Тут грянула корниловщина. Эсеры были совершенно перепуганы. Меньшевики тоже растерялись. Кадеты явно торжествовали.
Петербург разделился на три лагеря: реакционный, фактически возглавлявшийся Милюковым, который радовался подступу Корнилова и строил всяческие козни, чтобы облегчить ему вступление в Петербург, обывательский, во главе с Керенским и его правительством, до смерти перепугавшийся слишком явно волчьих аллюров им же воспитанного кандидата в диктаторы; и рабочий — весь целиком и безусловно группировавшийся вокруг нашего комитета обороны, официальным руководителем которого был тов. Дзержинский.
Думские эсеры и меньшевики были в панике. Они смотрели теперь на кадетов, как на людей, потворствующих Корнилову, а на нас — как на опору и спасителей. Было смешно видеть, как переменились позиции. Дума единогласно вотировала предложения оборонительного характера, которые мы вносили, и известная энергичная прокламация думы, которую с аэропланов бросали над корниловскими лагерями и которая свое значение имела, была написана мною и принята думой без поправок, при угрюмом воздержании кадетов.
Когда полчища Корнилова растаяли, кадеты вдруг потеряли всякий престиж. Но и дума в значительной степени потеряла для нас интерес. Революционная волна стала набухать с огромной силой, а в думе чувствовалось одно беспомощное ожидание эсерами и толпившимися за ними обывателями грядущих событий. Это было время, когда, например, Церетели говорил мне лично: «Вы придете к власти, но смотрите: мы худо или хорошо восемь месяцев поддерживали революцию в России, а вы рискуете погубить ее в два месяца». Фраза, свидетельствующая о зоркости Церетели на вершки и о близорукости его на версты.
Мое положение товарища городского головы по всем культурным делам давало мне возможность производить некоторые наблюдения над идеологией различных групп Петрограда и вне думы.
Правда, осматривая школы Петрограда и знакомясь с учительством, я ничего особенного констатировать не мог.
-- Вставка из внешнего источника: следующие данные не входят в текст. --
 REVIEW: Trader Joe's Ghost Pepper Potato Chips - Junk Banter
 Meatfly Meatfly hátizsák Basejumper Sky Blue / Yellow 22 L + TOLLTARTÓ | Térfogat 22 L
Ко мне лично, как большевику, ставшему внезапно во главе народного образования в Петербурге, отношение было опасливое и настороженное. Я старался сделать все от меня зависящее, чтобы подчеркнуть то важное значение, которое мы придавали народному образованию и подготовке учительства к дальнейшей общей работе. Конечно, времени для этого было слишком мало. В общем учительство можно было разделить на три группы. Совершенно ничтожное меньшинство коммунистов и примыкавших к ним, значительная группа лиц, державшаяся направления так называемых передовых педагогов: Гуревича, Чарнолусского, Гердта и некоторых других, и масса обывательская, но в общем явно нам враждебная. Что касается прогрессивной группы, довольно сильной и педагогически интересной, к которой примыкал в Москве и сделавшийся там руководителем школьного дела Шацкий, то она отнюдь не отказывалась от работы со мной, наоборот, весьма охотно шла на выработку школьной реформы совместно с нами. Отмечу, что и ответственные работники тогдашнего министерства призрения с Половцевой во главе также весьма симпатически относились к нашей органической культурной работе. Симпатии распространялись вплоть до левых кадетов вроде Паниной.
Но при одном напоминании о предполагающемся переходе власти к Советам и, стало быть, к диктатуре пролетариата воя эта публика приходила в раж, который и разразился в свое время в форме своеобразного саботажа.